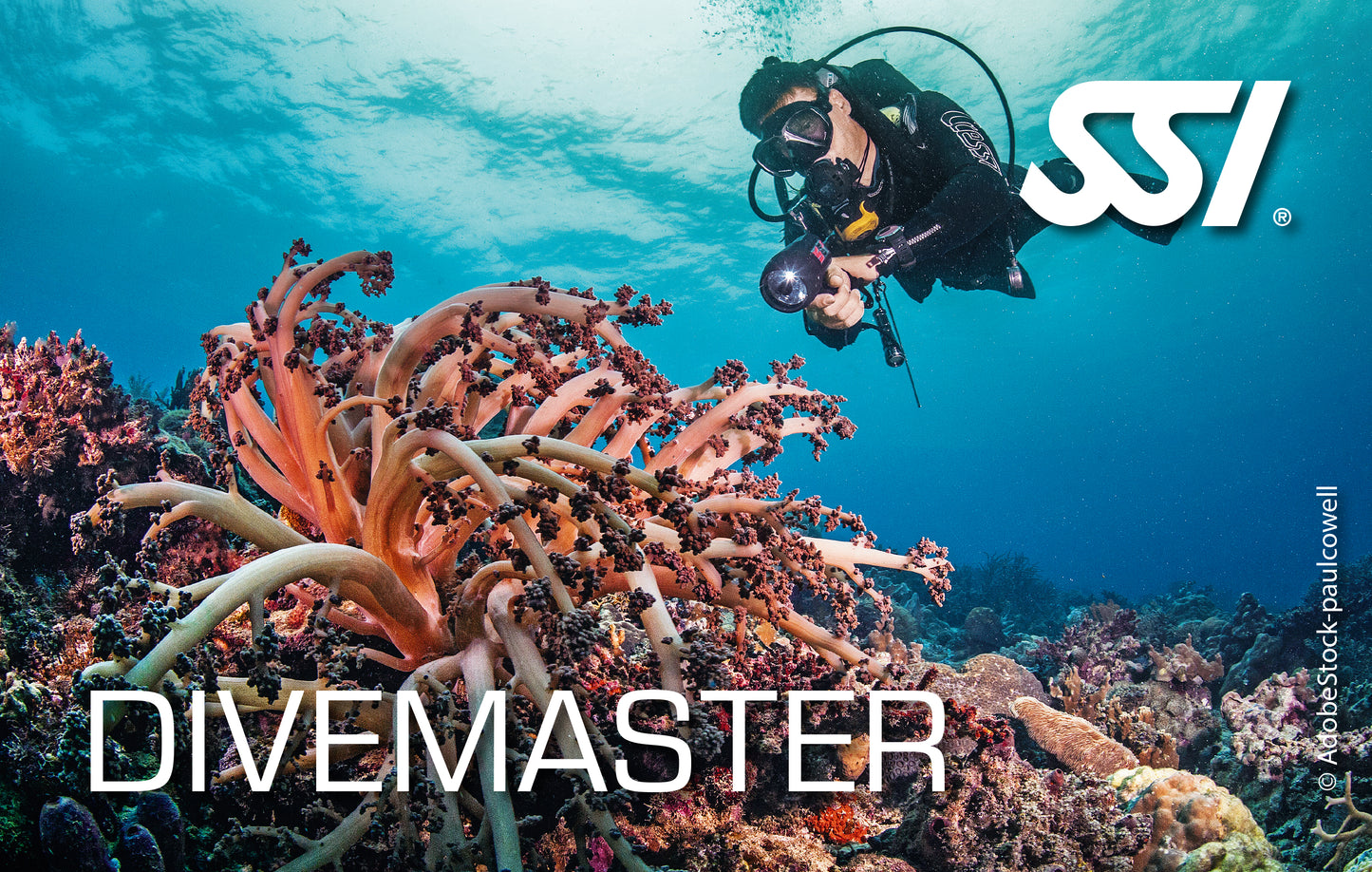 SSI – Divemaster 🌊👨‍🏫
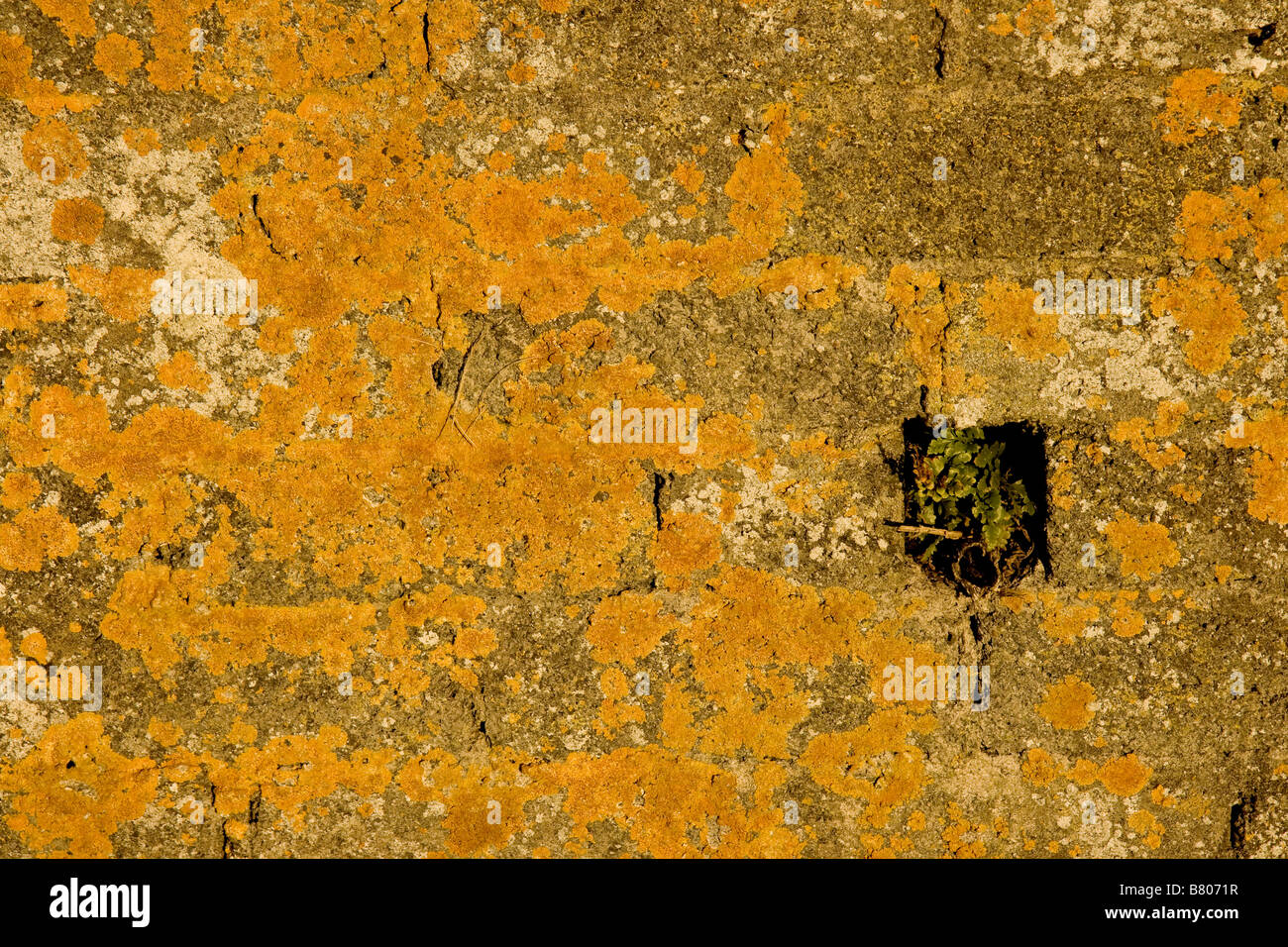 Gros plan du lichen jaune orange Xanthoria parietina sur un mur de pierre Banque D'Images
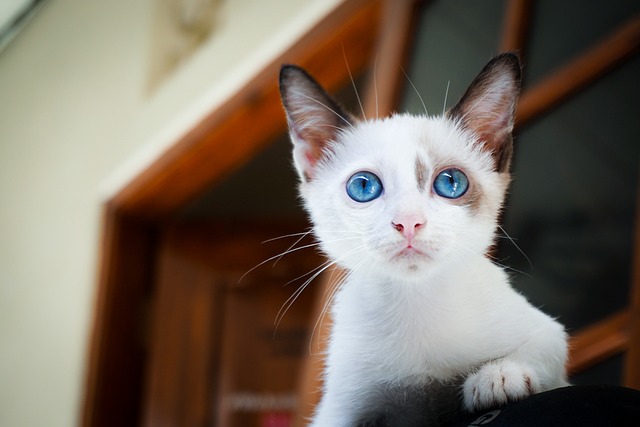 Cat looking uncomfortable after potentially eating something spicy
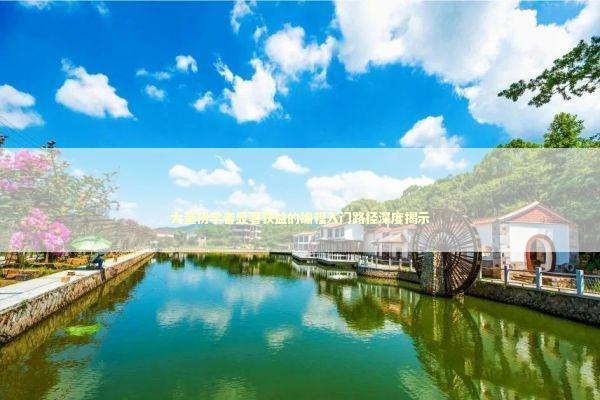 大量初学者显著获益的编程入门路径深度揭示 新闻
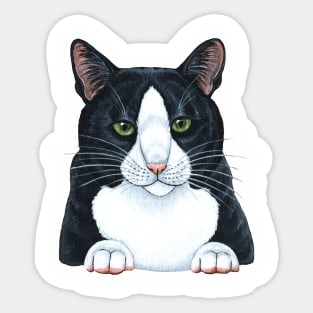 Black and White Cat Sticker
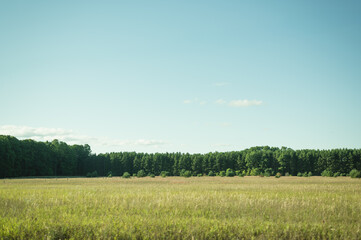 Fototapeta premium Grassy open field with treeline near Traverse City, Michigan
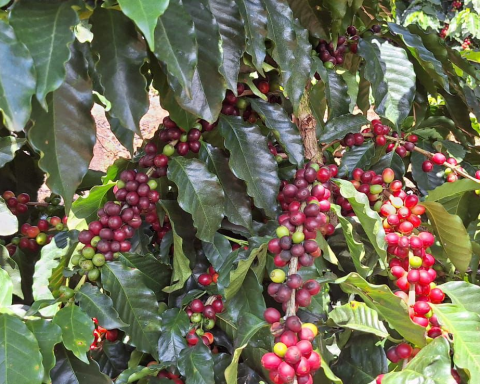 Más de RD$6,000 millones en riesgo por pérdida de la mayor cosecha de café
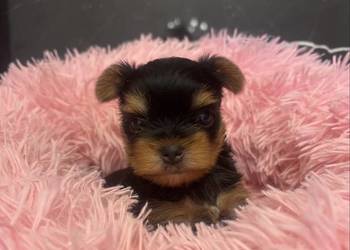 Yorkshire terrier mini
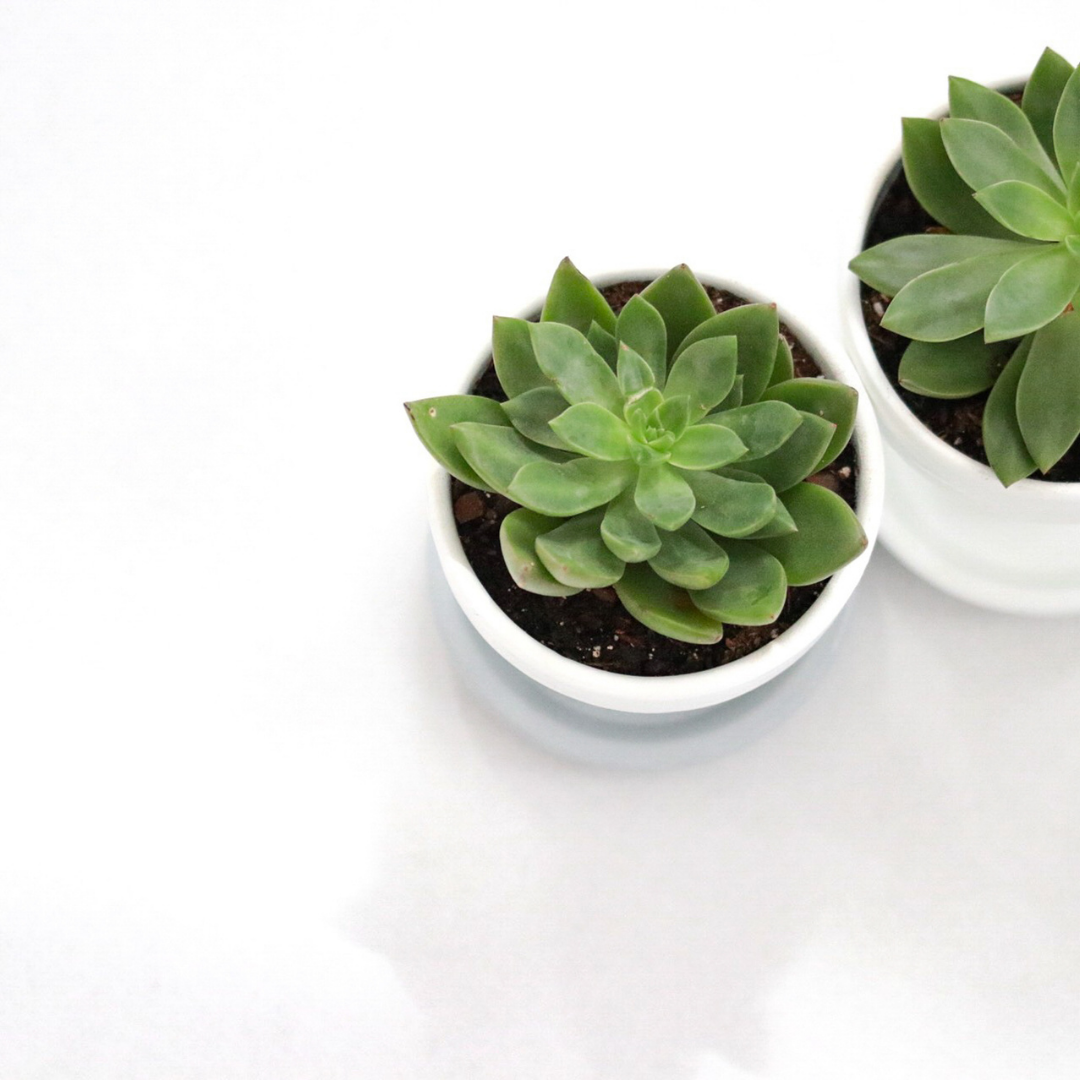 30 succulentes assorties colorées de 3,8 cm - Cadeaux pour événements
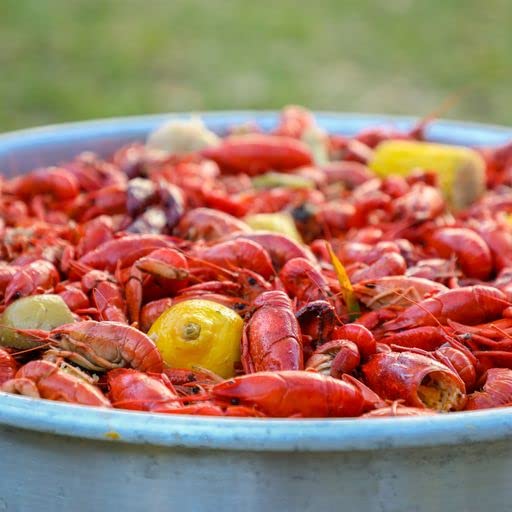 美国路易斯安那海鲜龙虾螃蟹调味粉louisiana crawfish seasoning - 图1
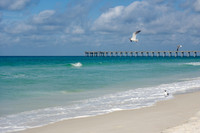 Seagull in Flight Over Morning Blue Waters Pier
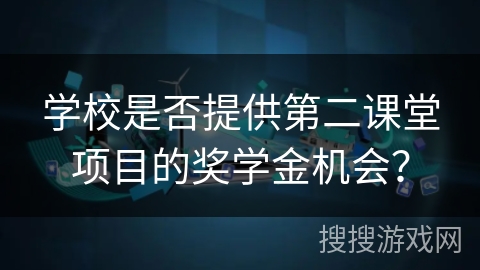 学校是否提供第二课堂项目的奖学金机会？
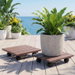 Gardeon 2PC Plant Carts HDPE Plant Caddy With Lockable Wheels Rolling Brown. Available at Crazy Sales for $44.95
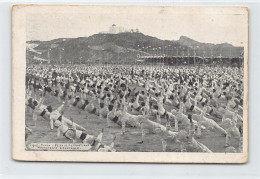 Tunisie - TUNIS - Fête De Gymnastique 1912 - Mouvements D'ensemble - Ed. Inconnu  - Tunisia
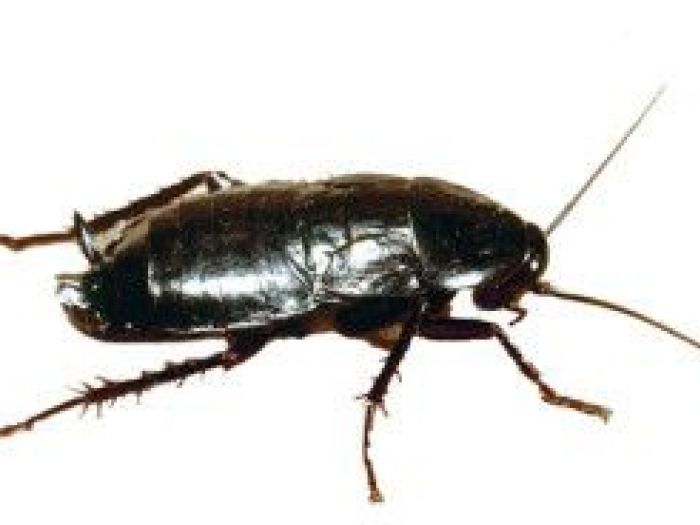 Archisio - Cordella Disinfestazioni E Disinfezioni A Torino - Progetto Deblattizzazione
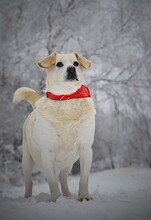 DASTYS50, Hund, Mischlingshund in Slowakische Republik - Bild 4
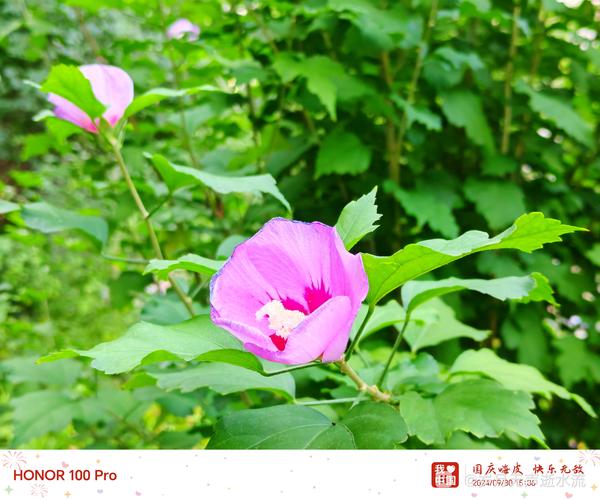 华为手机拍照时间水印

■ ■ ■

*What is expected*
Set down exactly the lines between the one with "Archisio - Cordella" and the last line of the material above, both included, but none of the pictures.

*Solved problem*
 Archisio - Cordella Disinfestazioni E Disinfezioni A Torino - Progetto Deblattizzazione
 DASTYS50, Hund, Mischlingshund in Slowakische Republik - Bild 4
 华为手机拍照时间水印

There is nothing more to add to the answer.